9 февраля 1943 года в Большом зале Ленинградской филармонии, где в августе 1942 года К. Элиасберг дирижировал Седьмой симфонией Шостаковича, — в этом самом зале состоялся первый ленинградский концерт Яхонтова. Он начался днем — нужного электричества еще не было, свет падал из верхних окон. Для ленинградцев невероятным было явление знакомого артиста на сцене; для Яхонтова невероятным был зрительный зал. Сидели не люди, а призраки. «Символы людей», как кто-то сказал. Нового притока публики не было — сидели те, кто пережил блокаду. Яхонтов долго не мог начать, все смотрел и смотрел в зал.
Он читал только Пушкина.
1944 год, до середины сентября, — выступления в городах Урала и Сибири. Только в Магнитогорске, на заводах и клубах, за один месяц было дано более восьмидесяти концертов.

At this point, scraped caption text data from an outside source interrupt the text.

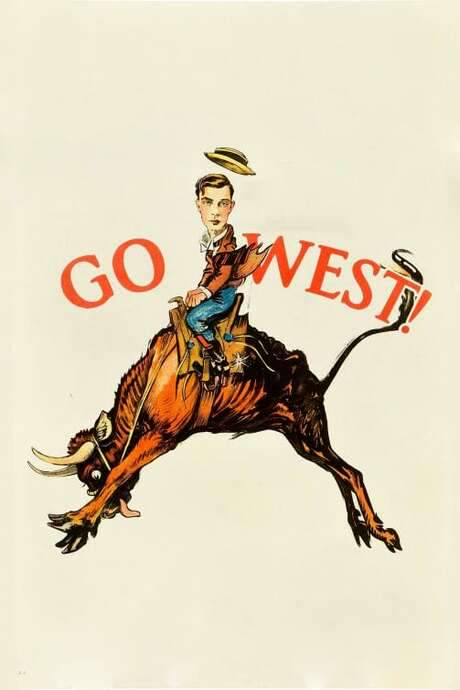 Go West (1925) movie poster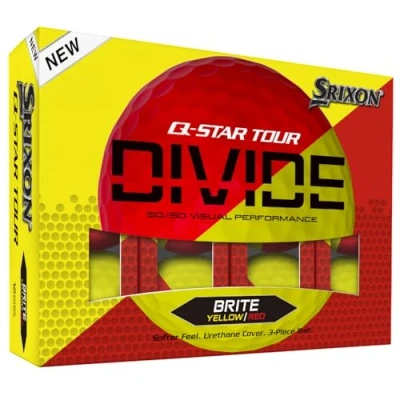 Abbildung von Srixon Q Star Divide 12 Golfbälle Tour Qualität Perfekt für das Kurze Spiel FastLayer Kern Hohe Ballkompression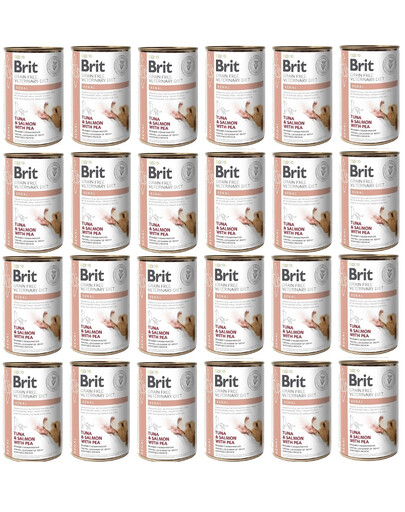BRIT Veterinary Diet Renal Tuna&Salmon&Pea 24x400 g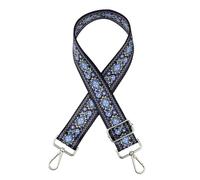 FULUJIDI Taschenriemen Bunt Gurt Frau Bunt Gurt Für Cross Body Messenger Umhängetasche Verstellbare Bestickte Gürtel Träger Zubehör 6-Silber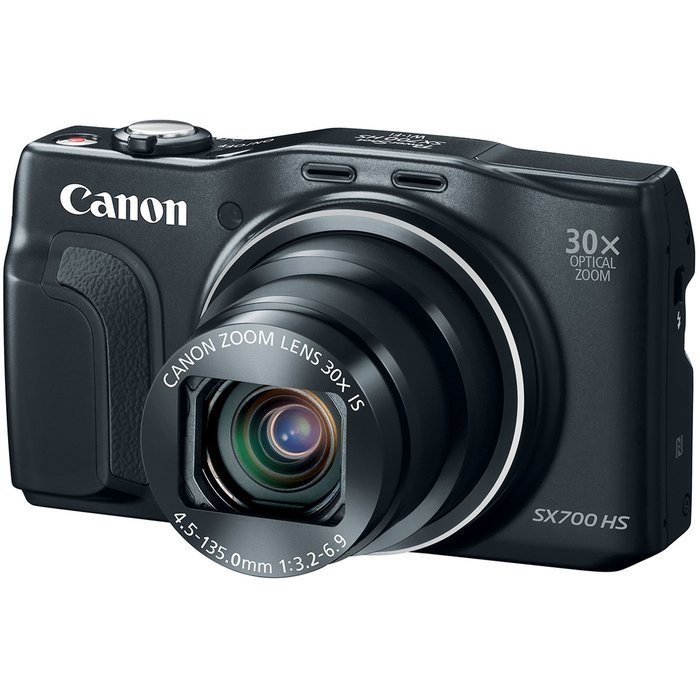 Canon PowerShot SX700 HS Digital Camera - Wi-Fi Enabled (Black) N9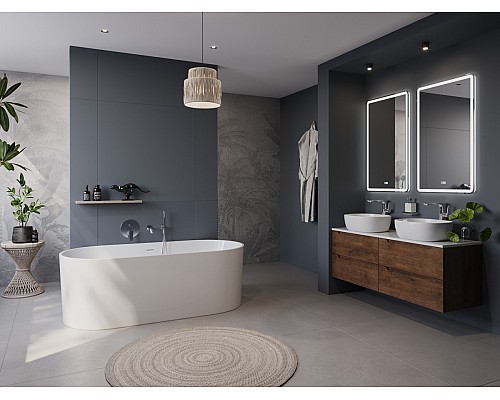 Акриловая ванна BelBagno 170x80 BB705-1700-800 без гидромассажа Акриловая ванна BelBagno 170x80 BB705-1700-800 без гидромассажа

165 тысяч рублей В. Н. Яхонтов передал в фонд обороны.
30 августа 1944 года дирекция ленинградского Кировского завода, работавшего в Челябинске, издала приказ, в котором говорилось, что «Лауреат Всесоюзного конкурса художественного слова тов. Яхонтов В. Н. … обратился к заводу с просьбой изготовить на его личные средства танк, назвав его именем „Владимир Маяковский“. Начальнику цеха… заложить танк… произвести монтаж… произвести отливку надписи… произвести пробеговое испытание… сдать машину военпреду в течение 5 и 6 сентября».
6 сентября 1944 года старший лейтенант Д. Сычов принял боевую машину. В конце сентября было получено письмо от Д. Сычова, он описывал бои на территории Польши, форсирование Вислы. В декабре бойцы бронетанковой части писали: «Обещаем Вам, что Ваш танк „Владимир Маяковский“ будет проведен нами через все их препятствия в Берлин». Последнее письмо пришло уже с территории Германии. До Берлина машину довел младший лейтенант Ю. Латышев.

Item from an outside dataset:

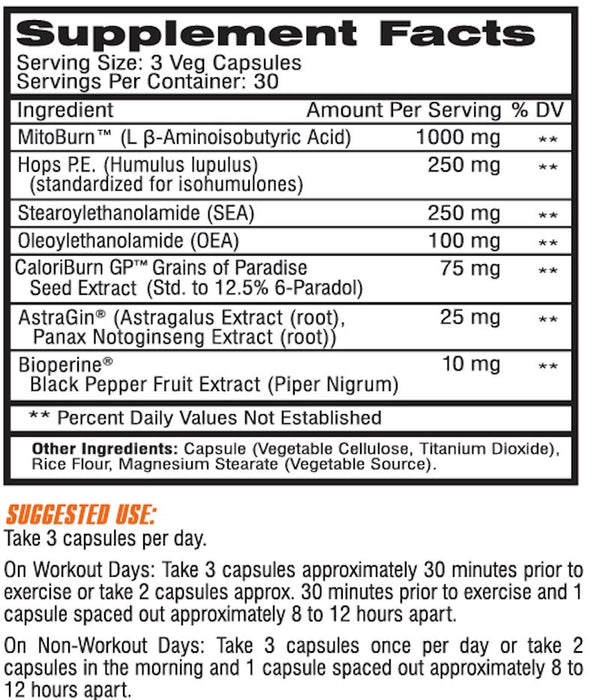 Competitive Edge Labs LipoVantage fact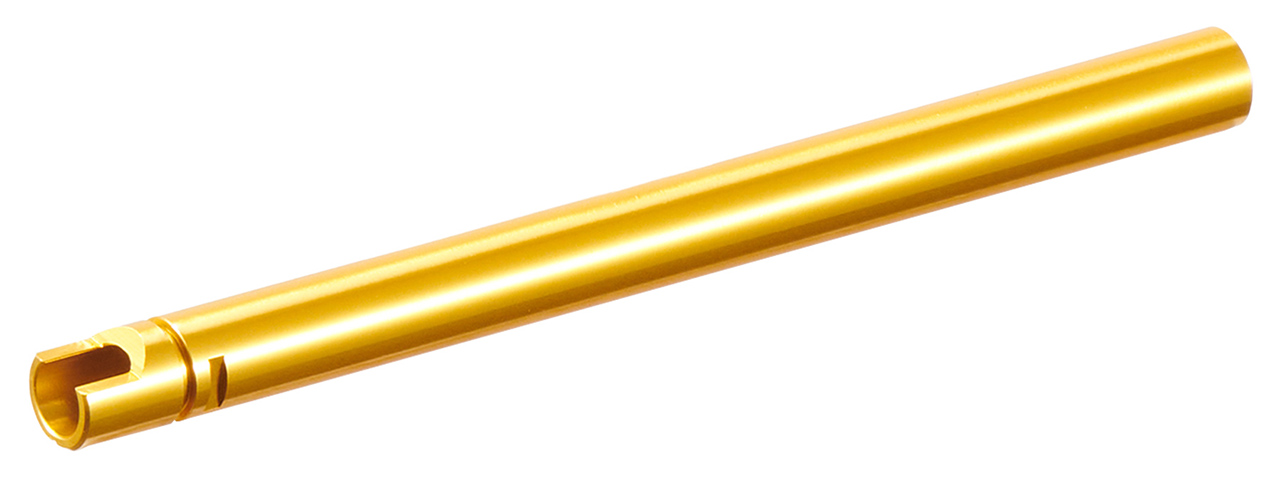 Dr. Black CNC Aluminum 113mm Inner Barrel For TM Hi-CAPA GBB Pistols - (Gold) - Click Image to Close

При всем невероятном напряжении дни, проведенные в Челябинске и Магнитогорске, Яхонтов вспоминал как счастливые. Ни на одну минуту он не сомневался в том, что его искусство нужно. Таким же было его настроение во время поездки в Мурманск и на Северный флот в 1943 году. В Мурманске он тоже выступал каждый день, на кораблях и в самом городе, где собралось в эти месяцы много ленинградцев. Корреспонденты, журналисты, партийные работники жили в одной гостинице. Город бомбили — до восемнадцати бомбежек в сутки. Люди к этому привыкли и в убежище не спускались. Яхонтов готов был читать для них не переставая. Рассказывают, что чаще всего он читал Пушкина, Маяковского, письма Маркса и Энгельса. Мурманские рыбаки после концерта повели его в свой кооператив, надели на него новые галоши, сказали: «Как же это вы, Владимир Николаевич, гуляете в таких галошах по нашим снегам». На Челябинском заводе подарили хорошую кепку. Все это делалось просто, от души. Так же просто он и принимал эти подарки. Из Челябинска он писал Поповой, что его «бросило в гущу рабочих» и что он чувствует себя так, как когда-то в Грозном.

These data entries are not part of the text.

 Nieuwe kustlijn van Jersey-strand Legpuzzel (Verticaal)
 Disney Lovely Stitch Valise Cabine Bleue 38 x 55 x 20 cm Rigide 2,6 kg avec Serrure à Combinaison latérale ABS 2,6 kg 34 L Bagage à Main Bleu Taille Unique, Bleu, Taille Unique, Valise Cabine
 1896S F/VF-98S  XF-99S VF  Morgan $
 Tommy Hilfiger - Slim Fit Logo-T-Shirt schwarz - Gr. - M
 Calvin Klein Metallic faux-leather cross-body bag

В 1944 году была сделана композиция «Тост за жизнь». «Во время войны обостряются чувства, в человеке просыпается желание продлить жизнь, утвердить ее через любовь» — так объяснен Поповой и Яхонтовым замысел этой работы. В записи остались три фрагмента — «Девушка и смерть» Горького, отрывки из «Тоста за Ленинград» и «Тоста за Сталинград».
Чтобы хоть в намеке представить себе, как Яхонтов умел играть женские роли, можно послушать голос Девушки, разговаривающей со Смертью: «Отойди, я с милым говорю…» Смерть неожиданно тоже выступает особой женского пола. Все женское, живое ей понятно, может быть, даже пережито когда-то, кто знает, уж очень смущенно отворачивается она при виде юной любви. И потом с какой-то особой печалью, безо всякой угрозы, говорит: «Ночь — твоя, а на заре — убью».
«Тост за Ленинград» — из лучших сохранившихся записей.
«В Ленинграде — тихо. И это так удивительно, что даже не верится…». По тому, как Яхонтов читает очерк Ольги Берггольц о первом ленинградском салюте, можно понять, что в силах этого актера было возвысить слова простого газетного очерка до высокой патетики и совместить современную газету со стихами Пушкина.
Других, кроме «Тоста за Ленинград», реальных тому свидетельств нет.
«Мы в Пушкине. В нашем родном Пушкине. Читаем на здании лицея: „Здесь жил и учился Александр Сергеевич Пушкин…“»
В те дни, когда в садах лицея
Я безмятежно расцветал,
Читал охотно Апулея,
А Цицерона не читал…
«— Сто-о-ой! Запретная зона! За нахождение в зоне — расстрел! Комендант города…» Мы с отвращением отбрасываем в сторону эту отвратительную таблицу. Пушкин:
Ликуйте, о друзья! Запомните поэта предсказанье…
…Промчится год, и я явлюся к вам!
О сколько слез и сколько восклицаний,
И сколько чаш, подъятых к небесам!
Вступают торжественные аккорды рояля и в лад им медленно звучит голос, спокойно и радостно уступая музыке место между стихами:
Подымем стаканы… содвинем их разом!..
Да здравствуют музы… да здравствует разум!..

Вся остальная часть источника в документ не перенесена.